*** Entries shown Section Begins ***
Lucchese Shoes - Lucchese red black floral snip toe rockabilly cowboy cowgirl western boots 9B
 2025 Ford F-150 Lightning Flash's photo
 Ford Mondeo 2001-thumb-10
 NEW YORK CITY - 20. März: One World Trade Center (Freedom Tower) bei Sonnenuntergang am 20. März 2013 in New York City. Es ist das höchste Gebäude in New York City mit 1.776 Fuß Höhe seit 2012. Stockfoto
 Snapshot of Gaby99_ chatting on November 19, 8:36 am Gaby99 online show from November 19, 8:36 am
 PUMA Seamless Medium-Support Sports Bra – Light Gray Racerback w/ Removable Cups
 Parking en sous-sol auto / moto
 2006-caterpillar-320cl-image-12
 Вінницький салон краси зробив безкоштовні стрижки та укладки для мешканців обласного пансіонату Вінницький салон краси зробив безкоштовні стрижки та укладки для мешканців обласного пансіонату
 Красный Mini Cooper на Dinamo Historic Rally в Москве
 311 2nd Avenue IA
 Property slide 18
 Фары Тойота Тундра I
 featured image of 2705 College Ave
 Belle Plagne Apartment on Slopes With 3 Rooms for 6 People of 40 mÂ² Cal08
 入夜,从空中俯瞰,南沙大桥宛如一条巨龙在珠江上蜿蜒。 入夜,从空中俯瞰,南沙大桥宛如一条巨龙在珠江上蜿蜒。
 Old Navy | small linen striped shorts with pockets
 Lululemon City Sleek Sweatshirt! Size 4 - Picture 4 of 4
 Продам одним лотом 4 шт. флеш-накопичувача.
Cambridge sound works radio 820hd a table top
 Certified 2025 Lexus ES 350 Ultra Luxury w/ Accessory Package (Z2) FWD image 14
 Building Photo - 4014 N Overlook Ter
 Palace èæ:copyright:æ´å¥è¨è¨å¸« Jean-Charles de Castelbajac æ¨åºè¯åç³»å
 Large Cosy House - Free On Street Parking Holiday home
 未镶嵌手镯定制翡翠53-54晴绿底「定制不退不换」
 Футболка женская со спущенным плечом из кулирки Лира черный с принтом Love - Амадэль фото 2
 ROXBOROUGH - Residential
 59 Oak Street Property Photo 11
*** Entries shown Section Ends ***
## What you are asked to do
Would you please repeat exactly the lines above, starting at the line with "2006-caterpillar-320cl-image-12" and stopping at the line with "Cambridge sound works radio 820hd a table top", both included?

## Expected answer
 2006-caterpillar-320cl-image-12
 Вінницький салон краси зробив безкоштовні стрижки та укладки для мешканців обласного пансіонату Вінницький салон краси зробив безкоштовні стрижки та укладки для мешканців обласного пансіонату
 Красный Mini Cooper на Dinamo Historic Rally в Москве
 311 2nd Avenue IA
 Property slide 18
 Фары Тойота Тундра I
 featured image of 2705 College Ave
 Belle Plagne Apartment on Slopes With 3 Rooms for 6 People of 40 mÂ² Cal08
 入夜,从空中俯瞰,南沙大桥宛如一条巨龙在珠江上蜿蜒。 入夜,从空中俯瞰,南沙大桥宛如一条巨龙在珠江上蜿蜒。
 Old Navy | small linen striped shorts with pockets
 Lululemon City Sleek Sweatshirt! Size 4 - Picture 4 of 4
 Продам одним лотом 4 шт. флеш-накопичувача.
Cambridge sound works radio 820hd a table top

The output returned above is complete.